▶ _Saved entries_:
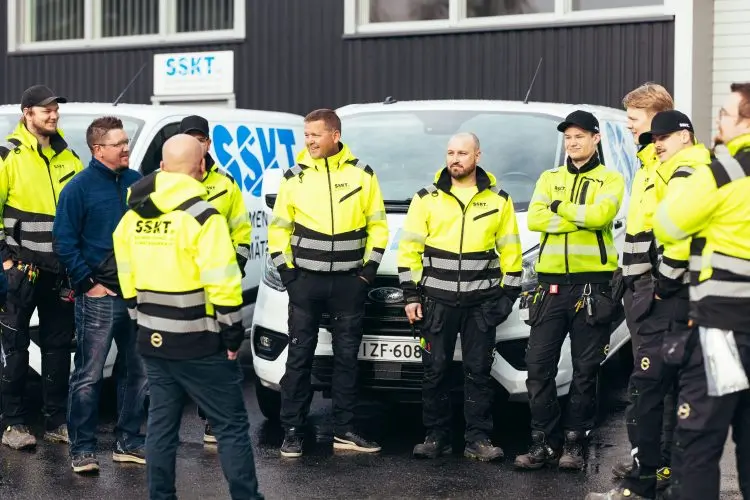 SSKT henkilöstöä SSKT:n huoltoautojen edessä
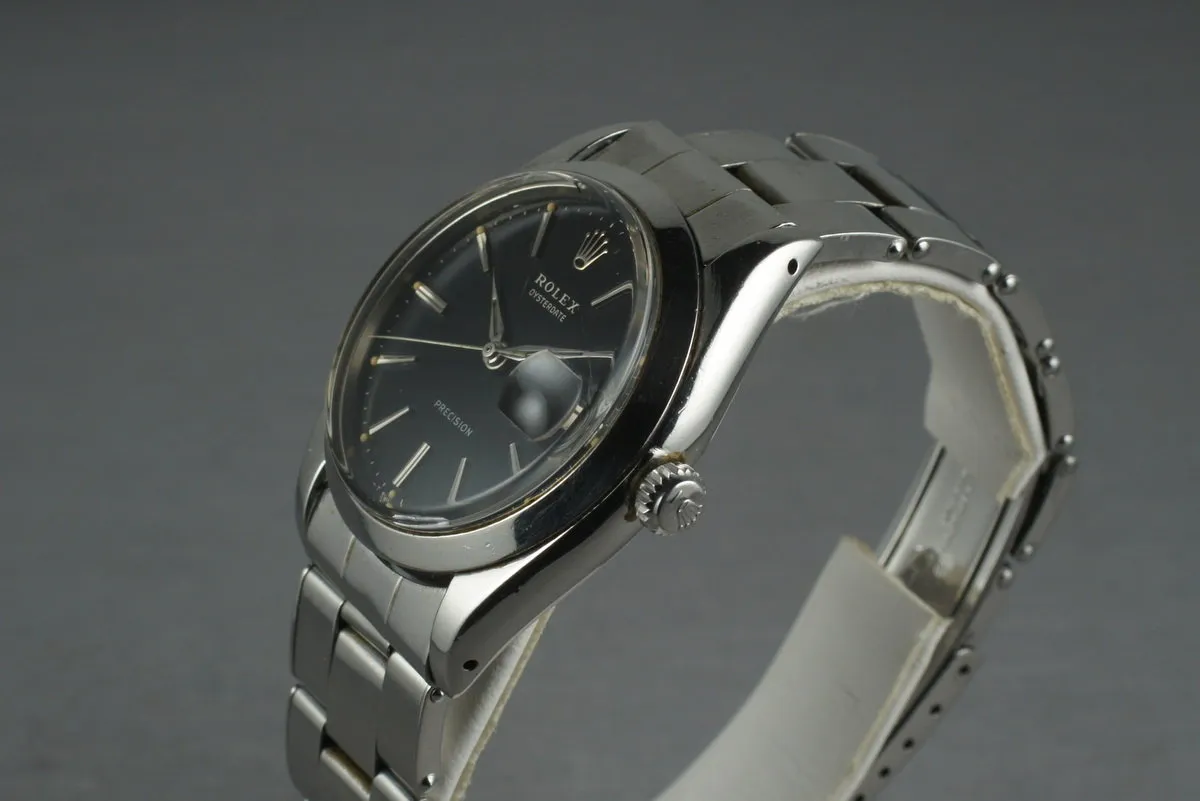 Rolex Steel Precision Oyster Date 6694 with gilt print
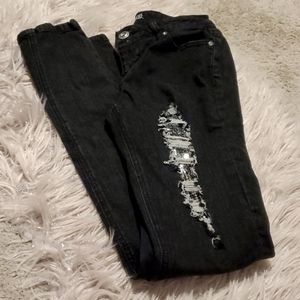 Sexy ripped skinny jeans with silver sequins  Size 3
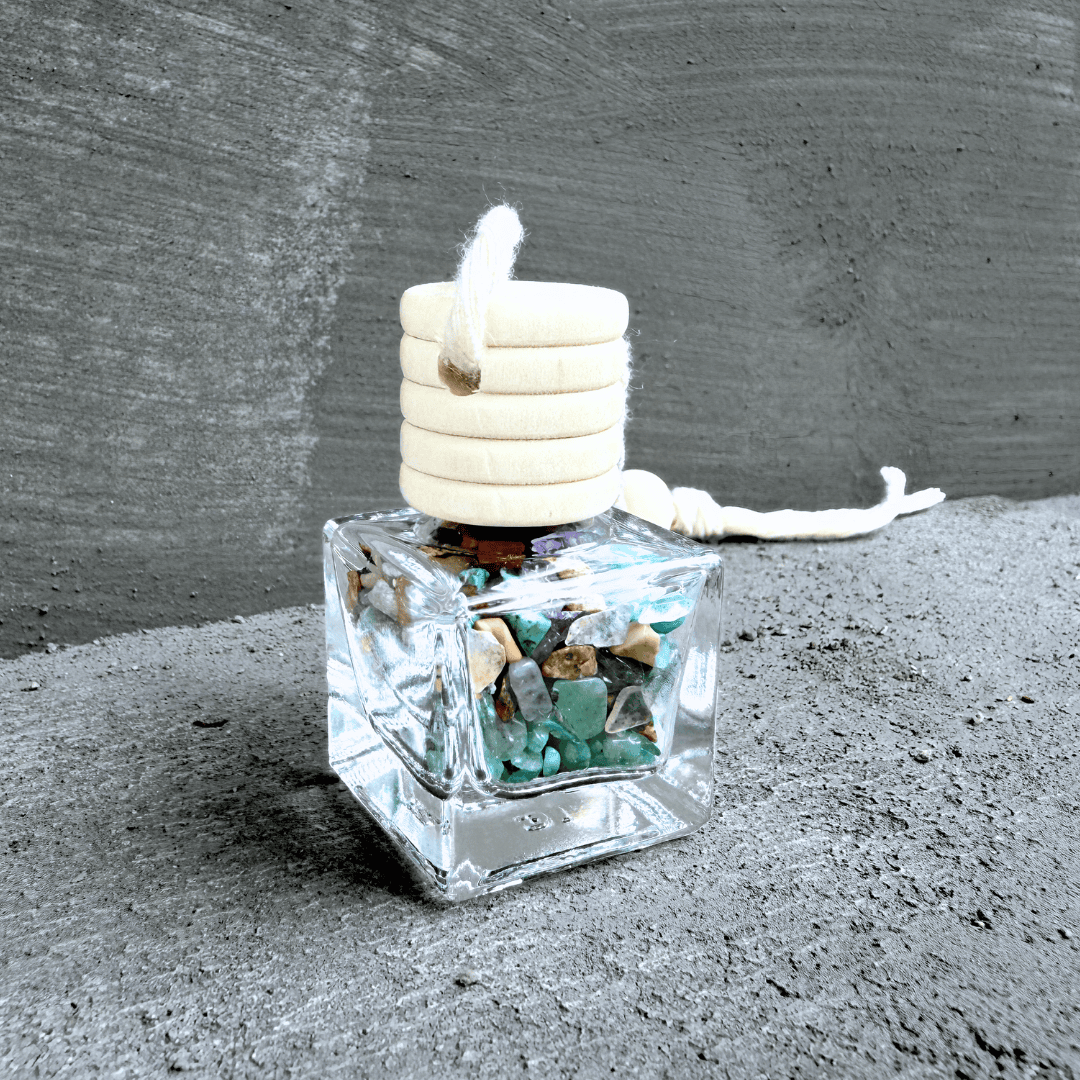 Detailní pohled na talisman Hecatoo pro kreativitu z minerálů lapis lazuli, aventurínu, labradoritu a ametystu ve skleněné lahvičce s dřevěným víčkem.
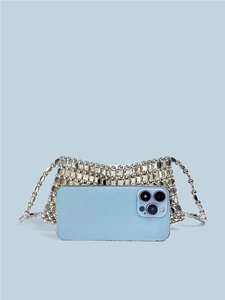 Silver sequin beaded crossbody bag with chain strap shown next to a smartphone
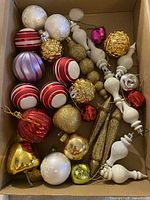 Overview of assorted ornaments in box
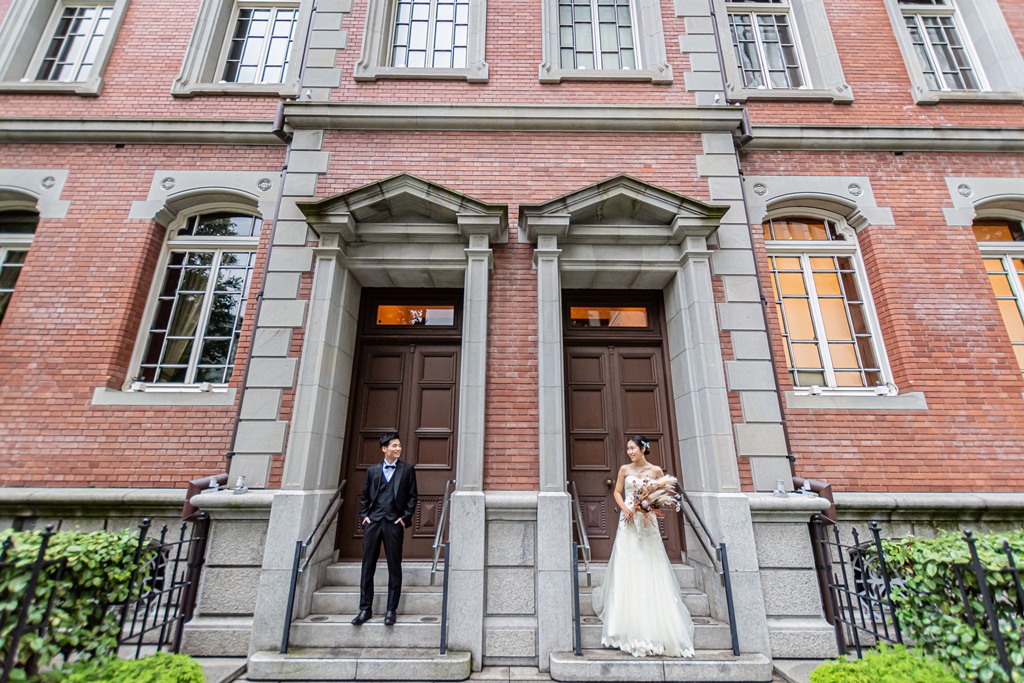 赤レンガ造りの三菱美術館、双子の扉の前の階段にそれぞれ立つ新郎新婦。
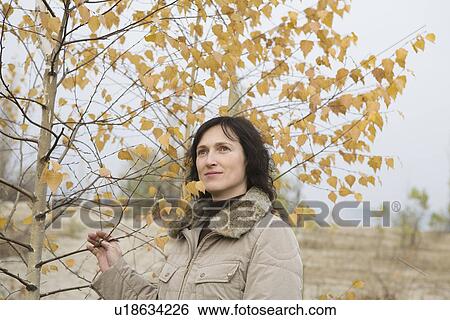 Stock Photograph - Woman holding tree in field. Fotosearch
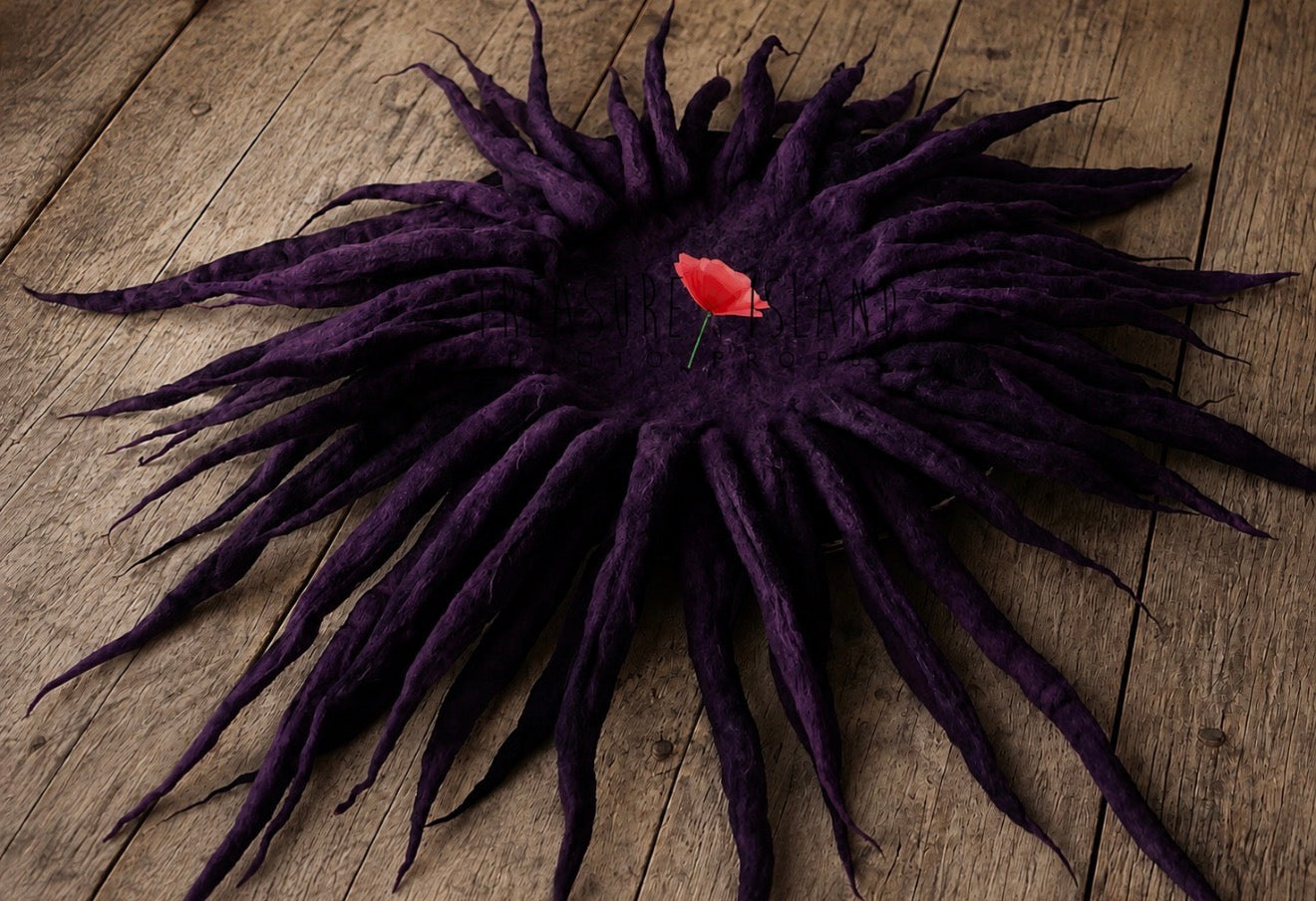 A dark purple felt sunburst hat with long radiating dreadlock-like strands, photographed flat on a rustic wooden surface with a small red flower pin in the center.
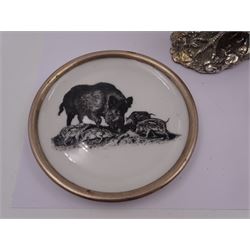 Pair of German plates, each with transfer printed wild boar decoration and silver rims, together with a silver filled model of a pheasant after Genty, hallmarked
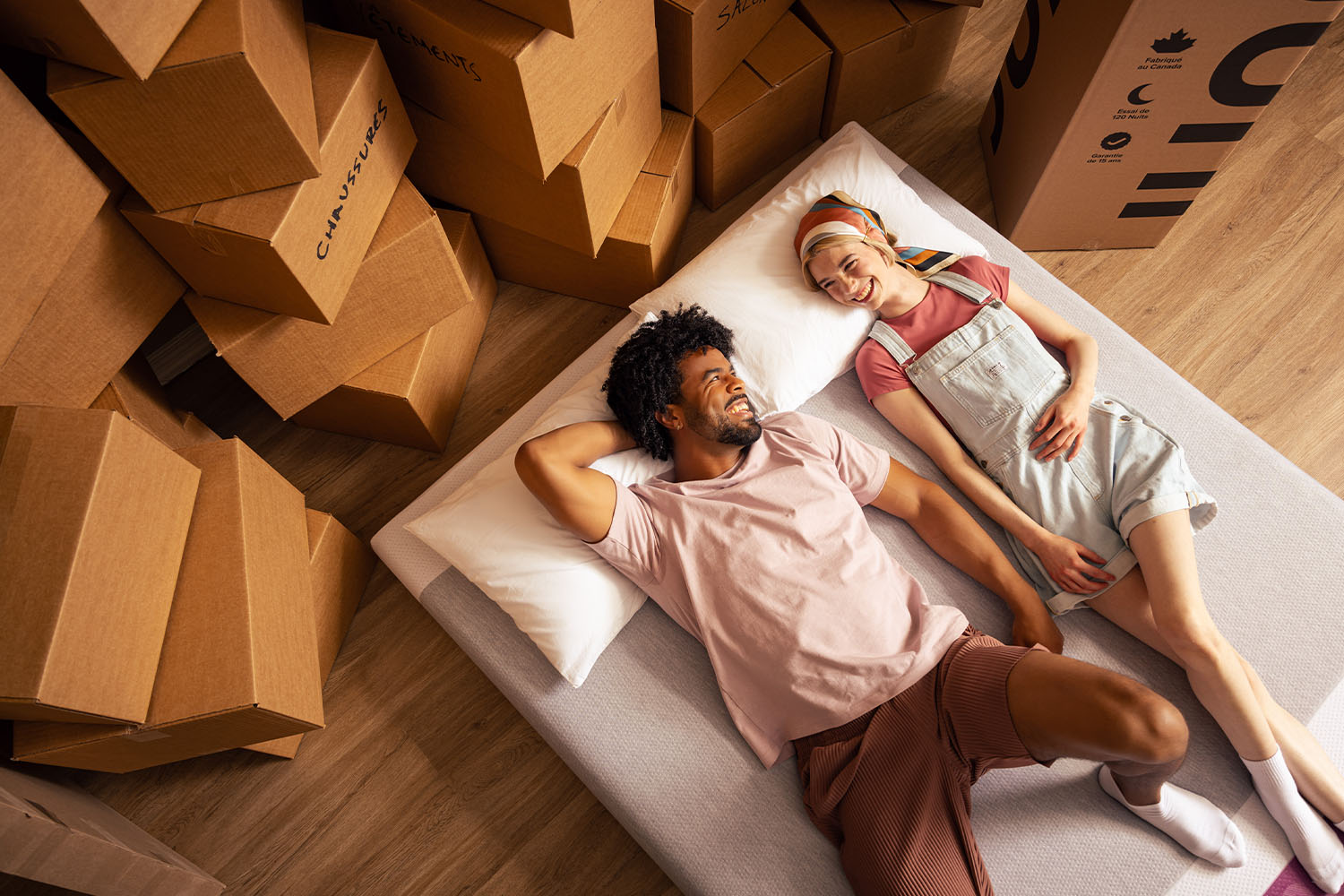 A young man and woman lying down happily on a Juno mattress, surrounded by moving boxes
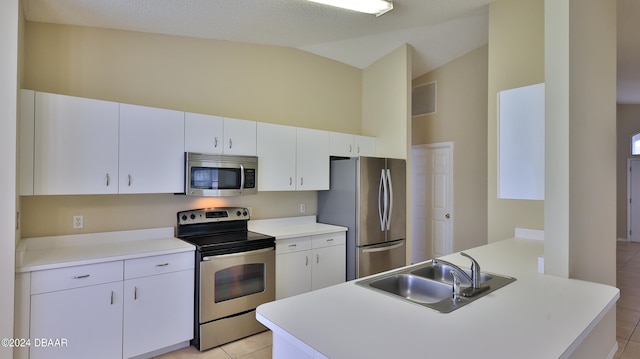 kitchen featuring light tile patterned flooring, white cabinetry, sink, and appliances with stainless steel finishes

▶ _Try it_: Would you reproduce the lines above, from the very first through the line containing "Stock Photograph - Woman", exactly and without the pictures?

▶ _Answer box_:
 SSKT henkilöstöä SSKT:n huoltoautojen edessä
 Rolex Steel Precision Oyster Date 6694 with gilt print
 Sexy ripped skinny jeans with silver sequins  Size 3
 Detailní pohled na talisman Hecatoo pro kreativitu z minerálů lapis lazuli, aventurínu, labradoritu a ametystu ve skleněné lahvičce s dřevěným víčkem.
 Silver sequin beaded crossbody bag with chain strap shown next to a smartphone
 Overview of assorted ornaments in box
 赤レンガ造りの三菱美術館、双子の扉の前の階段にそれぞれ立つ新郎新婦。
 Stock Photograph - Woman holding tree in field. Fotosearch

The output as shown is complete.